Three achievement highlights:

  1. Successfully scraped the Fulfillment by Amazon category of the Amazon Seller Forums using Selenium and Beautiful Soup
  2. Organized data into a pandas dataframe and cleaned/processed it
  3. Implemented DistilBERT and a logistic regression classification algorithm to classify different posts by category, with an accuracy of about 87%

List of meetings/training attended including social team events:

Team Meetings: attended all team meetings and final project presentation

Training Sessions/Webinars: attended Git Webinar, watched recordings of other webinars (Python Training Webinar, NLP Webinar, etc.)
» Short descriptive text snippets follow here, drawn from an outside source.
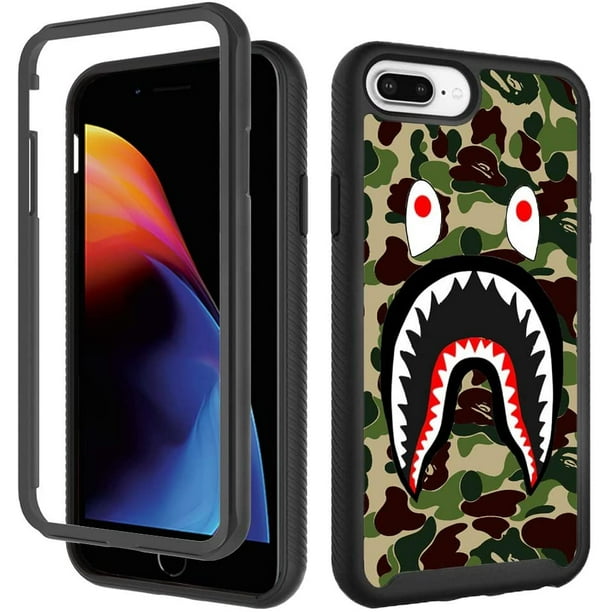 Fybto Case For Iphone 6 Plus 6s Plus, Iphone 8 Plus Cool Camo Case, Iphone 7 Plus Cases For Boys Girls Design Shockproof Rugged Dual Layer Bumper Full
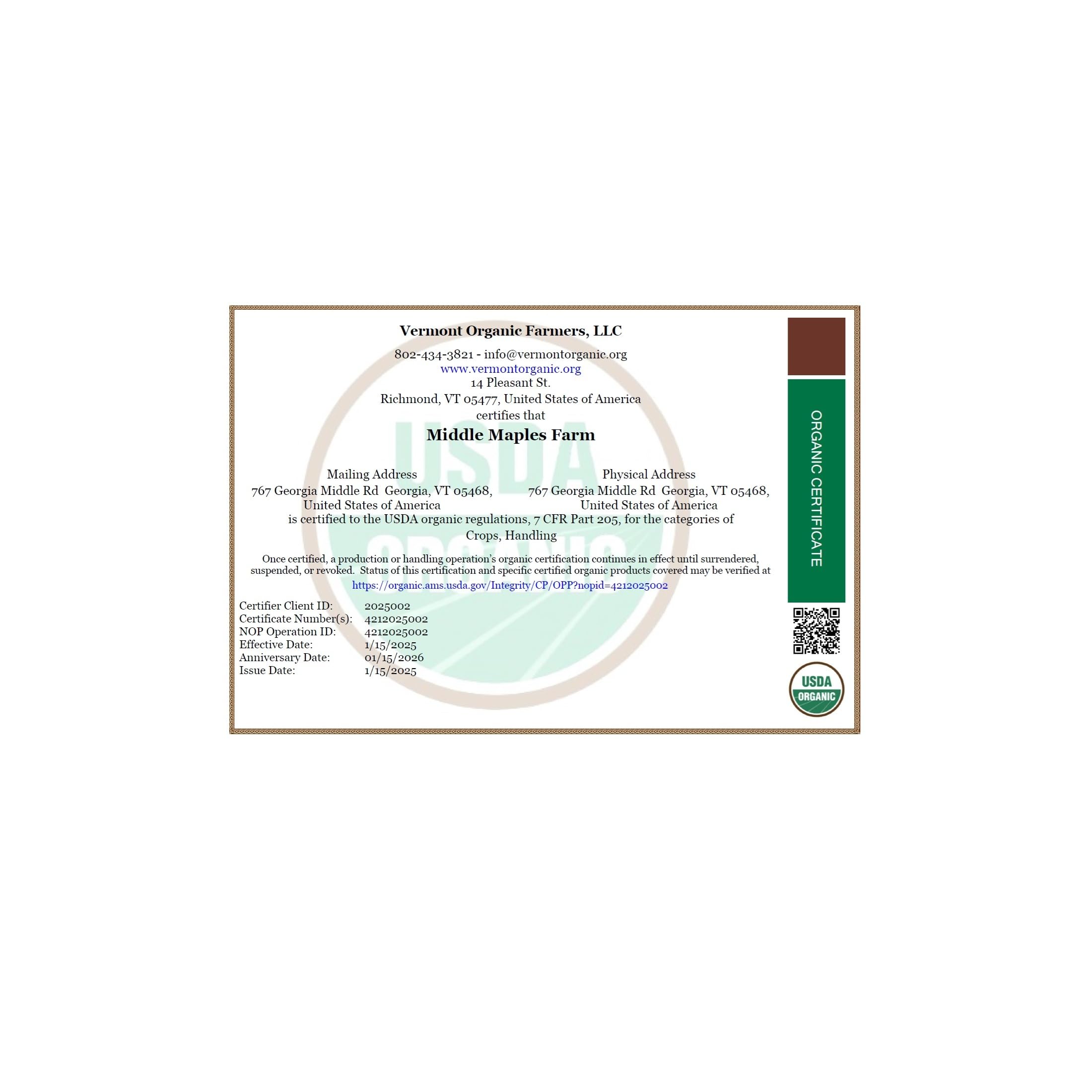 Middle Maples Farm measuring scoop with sugar showing portioning convenience
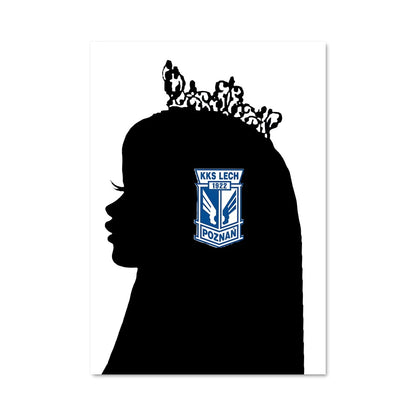 Poster Reine Silhouette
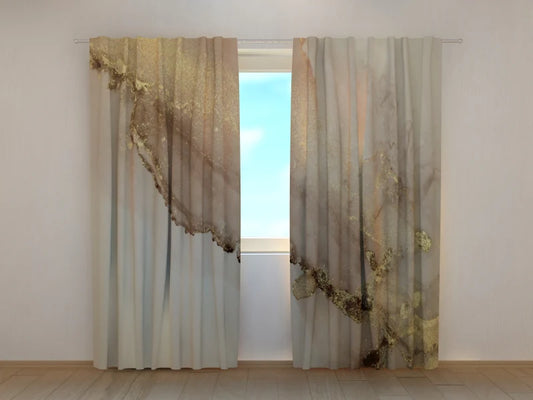 Tenda classica Marmo Beige Oro decorativa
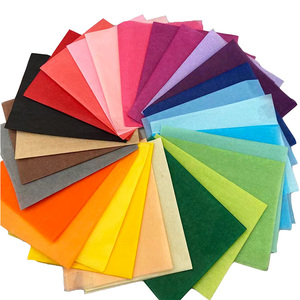 Feuilles de papier de soie de couleur unie de couleurs mélangées en gros coloré en vrac revêtement simple face emballage cadeau Seidenpapier Bunt - Product Image 2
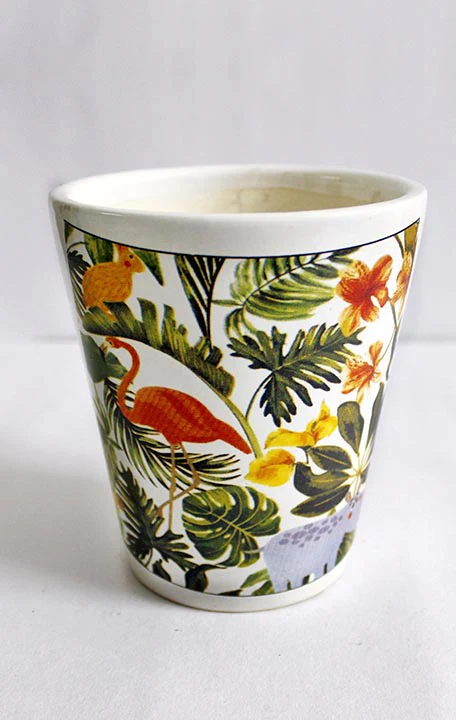 Jungle Themed Ceramic Planter (without Plant) - Image 3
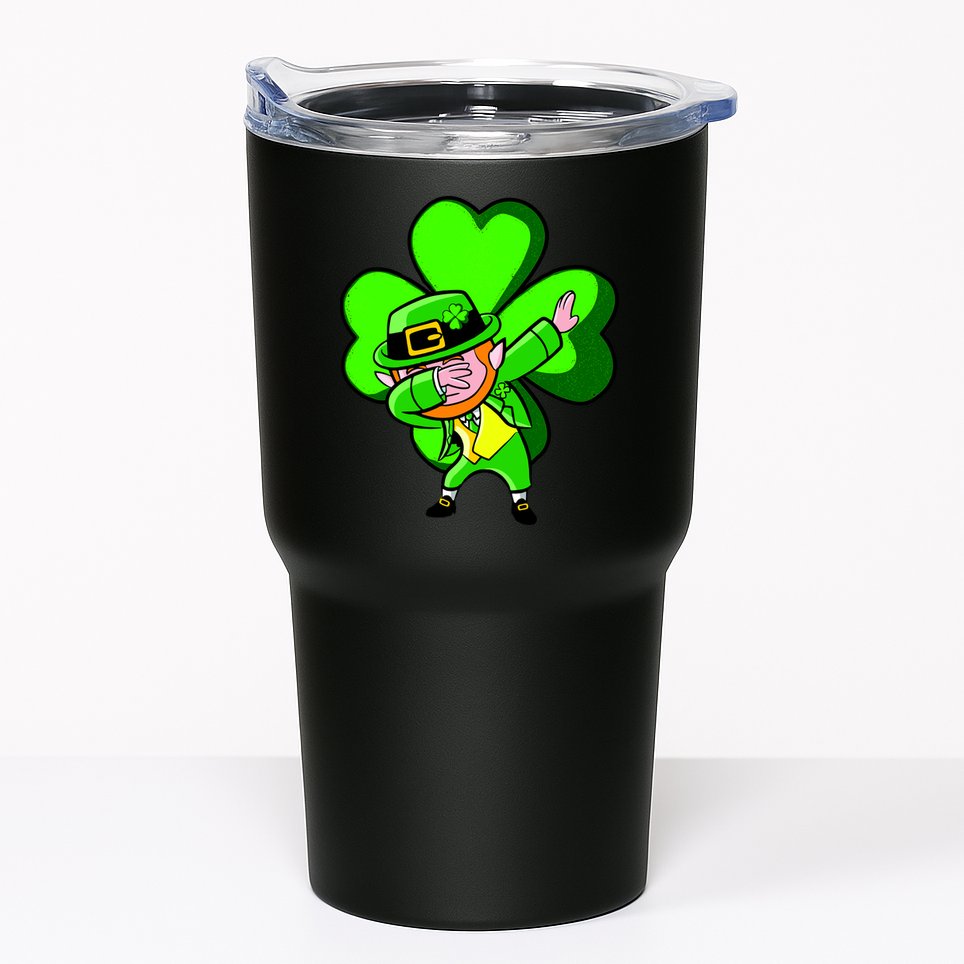 Irish Dabbing Leprechaun Clover Tumbler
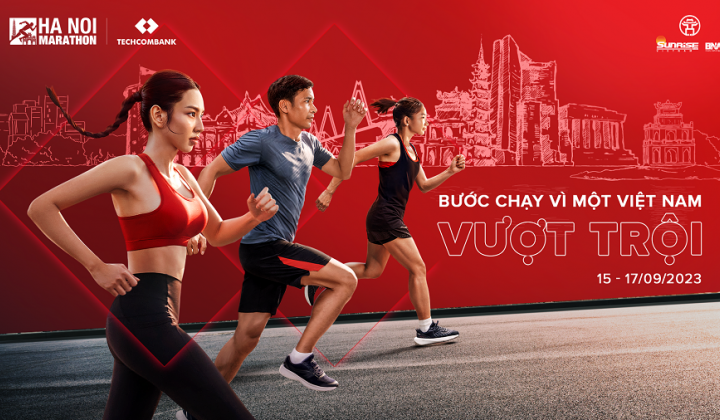 Giải chạy Hà Nội Marathon Techcombank lan tỏa tinh thần "Bước chạy vì một Việt Nam vượt trội"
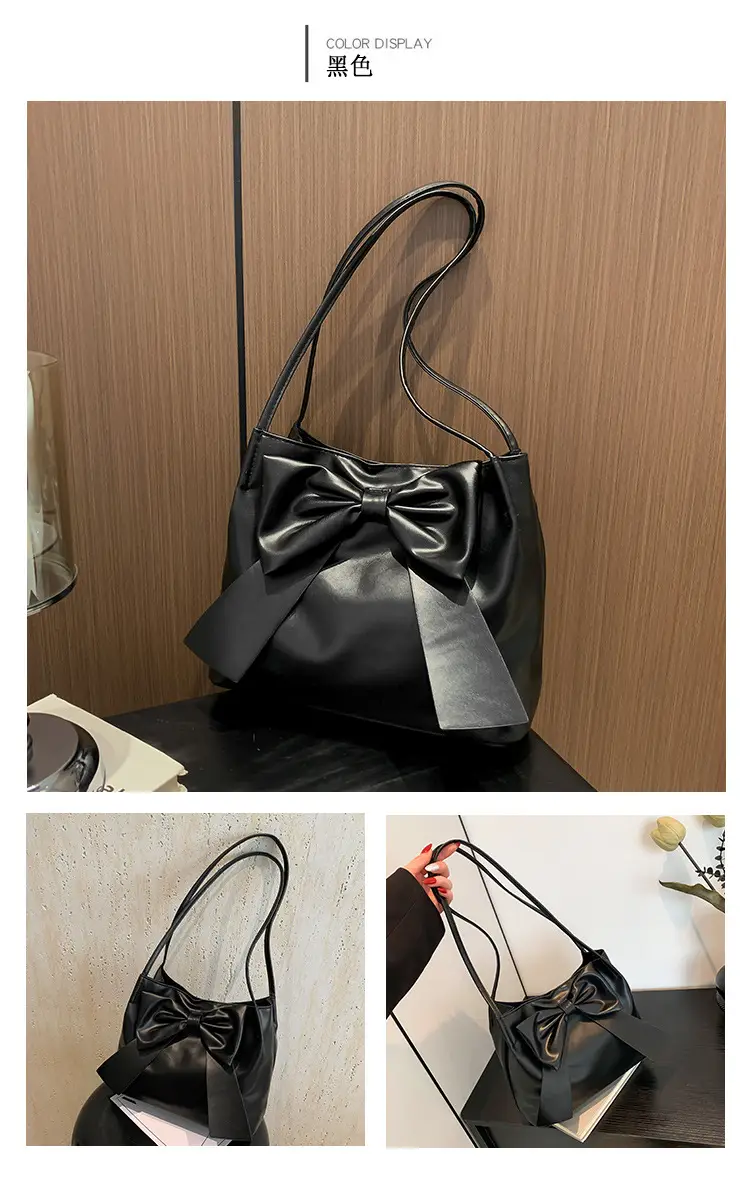 Sweet Girl's Pink Bow Shoulder Bag 2024 — feature 27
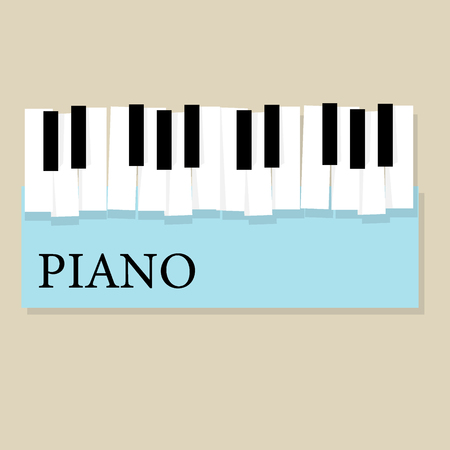 Music piano keyboard. Poster background template.のイラスト素材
Detailed statement of tasks done. State each task, hurdles faced if any and how you solved the hurdle. You need to clearly mark whether the hurdles were solved with the help of training webinars, some help from project leads or significant help from project leads.

Task 1: GSuite, Slack, Asana, and GitHub setup

  • Task 1 Hurdles: We had some technical difficulties with setting up our GSuite accounts, but the team leads figured out the problem

Task 2: Scraped the Fulfillment by Amazon category of the Amazon Seller Forums using Selenium and Beautiful Soup

  • Task 2 Hurdles: Struggled a bit with extracting certain elements of the webpage, but figured it out through tutorial resources from team leads and by working through the code

Task 3: Cleaned and processed data after organizing it into a pandas dataframe

  • Task 3 Hurdles: Had no prior knowledge about NLP or the data processing we would have to complete before feeding our data into BERT, but tutorial resources from team leads helped me figure out what to do. Also, some of the posts were too long, so we had to truncate posts to a maximum length during tokenization.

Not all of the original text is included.